Visto por la Sección Quinta de la Sala de lo Contencioso-administrativo del Tribunal Superior de Justicia
de la Comunidad Valenciana, compuesta por los Ilmos. Sres. don FERNANDO NIETO MARTIN, Presidente,
don JOSE BELLMONT MORA, doña ROSARIO VIDAL MAS, DOÑA BEGOÑA GARCIA MELENDEZ y DOÑA
LOURDES PÉREZ PADILLA, Magistrados, el Rollo de apelación número 697/17, interpuesto por el Procurador
DON MARIO ROBERTO VALLE, en nombre y representación de DON Ramón y asistido por la Letrada doña
BEATRIZ RODRIGUEZ CANO contra la sentencia dictada por el Juzgado de lo Contencioso-Administrativo
número 6 de Valencia, en fecha 8-5-17, en el recurso Contencioso-Administrativo 313/16, siendo Ponente la
Magistrada Doña ROSARIO VIDAL MAS y a la vista de los siguientes
Antecedentes
PRIMERO.-Por el Juzgado de lo Contencioso-administrativo mencionado se remitió a esta Sala el antedicho recurso contencioso-administrativo junto con el recurso de apelación mencionado, estableciendo el Fallo de la sentencia: 'Debo DESESTIMAR como DESESTIMO el recurso contencioso administrativo interpuesto por la letrada Dª Beatriz Rodríguez Cano, en nombre y representación de D. Ramón , contra la resolución de la SUBDELEGACIÓN DEL GOBIERNO EN VALENCIA de fecha 26-7-2016 por la que se desestimaba el recurso de reposición interpuesto por el hoy recurrente contra la resolución dictada el 16-6-2016 en el expediente nº NUM000 , por la que se decretaba su expulsión del territorio nacional con prohibición de entrada por un periodo de tres años, con expresa imposición de las costas del procedimiento a la parte actora en un máximo de 500 € en concepto de honorarios, más IVA y sin perjuicio de las tasas judiciales si las hubiere.'
SEGUNDO.-Contra dicha Sentencia se interpuso, en tiempo y forma, recurso de Apelación que fue admitido y elevados los autos a esta Sala.

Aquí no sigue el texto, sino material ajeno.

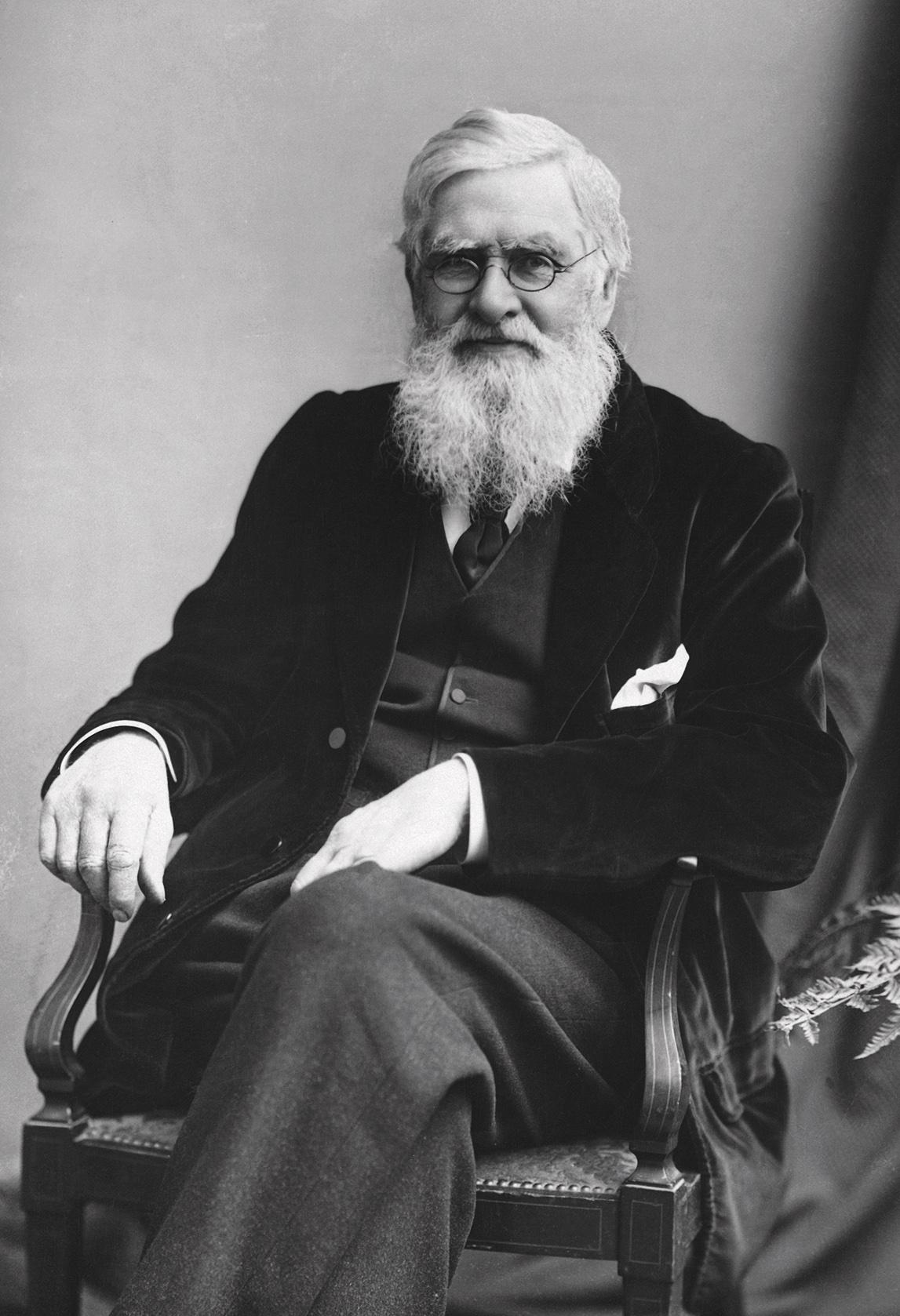 3C Alfred-Russel-Wallace-c1895.jpg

TERCERO.-Se señaló para votación y fallo el día 17-7-18.
CUARTO.- En la tramitación del presente recurso se han observado todas las prescripciones legales.
Fundamentos
PRIMERO.-Se interpone el presente recurso de Apelación al estimar la Apelante que, en primer lugar, estima la sentencia que el recurrente no justifica ni medios económicos de vida, ni arraigo, realizando una incorrecta valoración de la prueba porque si existe arraigo social y disponibilidad económica. Señala que el recurrente se encuentra residiendo en nuestro país desde hace más de tres años, estando totalmente arraigado como se acredita con el informe de integración social emitido por la dirección General de integración y cooperación (AMICS) y por el certificado de empadronamiento aportado, así como los distintos certificados de cursos realizados, habiendo ostentado permiso de residencia mientras tramitaba su condición de asilado, careciendo de antecedentes penales, está documentado, tiene domicilio conocido, por lo que no procede la expulsión.

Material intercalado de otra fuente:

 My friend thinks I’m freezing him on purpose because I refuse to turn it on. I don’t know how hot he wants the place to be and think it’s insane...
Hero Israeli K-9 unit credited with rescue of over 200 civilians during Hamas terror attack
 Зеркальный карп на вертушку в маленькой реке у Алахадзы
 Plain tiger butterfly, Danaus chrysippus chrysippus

La administración se opone a este recurso, por estimar que la sentencia apelada es conforme a derecho La sentencia apelada, tras la identificación del acto objeto del recurso y de las posturas de las partes, señala: ' Examinada la prueba practicada en esta instancia resulta acreditado que el recurrente carece de cualquier tipo de autorización de trabajo y de residencia, por lo que no dispone de medios de vida conocidos.
Asimismo, no alega ningún tipo de arraigo familiar, ni concurre ninguna de las causas previstas en el art.

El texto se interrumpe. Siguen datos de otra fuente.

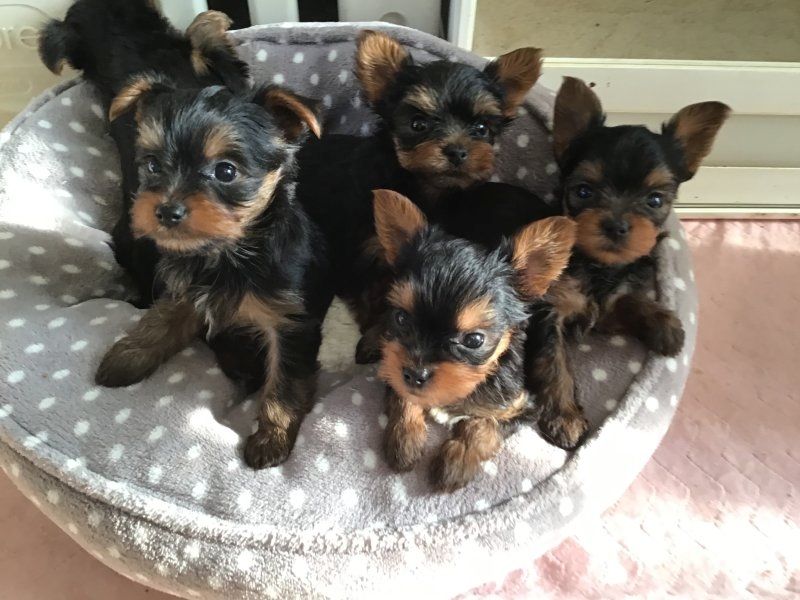 Yorkshire Terrier-Welpen (Teacup Yorkshire Terrier) abzugeben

5 y 6 de la Directiva de Retorno 2008/115/CE del Parlamento Europeo y del Consejo de 16 de diciembre de 2008 relativa a normas y procedimientos comunes en los Estados miembros para el retorno de los nacionales de terceros países en situación irregular, siendo irrelevante a estos efectos el hecho de que se halle empadronado, haya seguido cursos en determinadas ONGs o que disponga determinadas tarjetas.
Por otra parte, la sentencia del Tribunal de Justicia de la Unión Europea de fecha 23-4-2015 establece que la Directiva 2008/115/CE impone la obligación principal a los Estados miembros de dictar una decisión de retorno contra cualquier nacional de un tercer país que se encuentre en situación irregular en su territorio, interpretación que impide la aplicación de la sanción de multa.
Por todo lo expuesto, procede la íntegra desestimación de la demanda.'
SEGUNDO.- A la vista del presente planteamiento del recurso de apelación, debemos destacar que nos encontramos en el seno de un expediente sancionador por estancia ilegal en nuestro país, infracción del artículo 53.1.a) que considera infracción grave 'a) Encontrarse irregularmente en territorio español, por no haber obtenido la prórroga de estancia, carecer de autorización de residencia o tener caducada más de tres meses la mencionada autorización, y siempre que el interesado no hubiere solicitado la renovación de la misma en el plazo previsto reglamentariamente' y si bien las infracciones graves en general, llevan aparejada una sanción de multa de 501 a 10.000 euros (art. 55) a tenor de lo dispuesto en el art. 57.1 'Cuando los infractores sean extranjeros y realicen conductas de las tipificadas como muy graves, o conductas graves de las previstas en los apartados a), b), c), d) y f) del artículo 53.1 de esta Ley Orgánica, podrá aplicarse, en atención al principio de proporcionalidad, en lugar de la sanción de multa, la expulsión del territorio español, previa la tramitación del correspondiente expediente administrativo y mediante la resolución motivada que valore los hechos que configuran la infracción'.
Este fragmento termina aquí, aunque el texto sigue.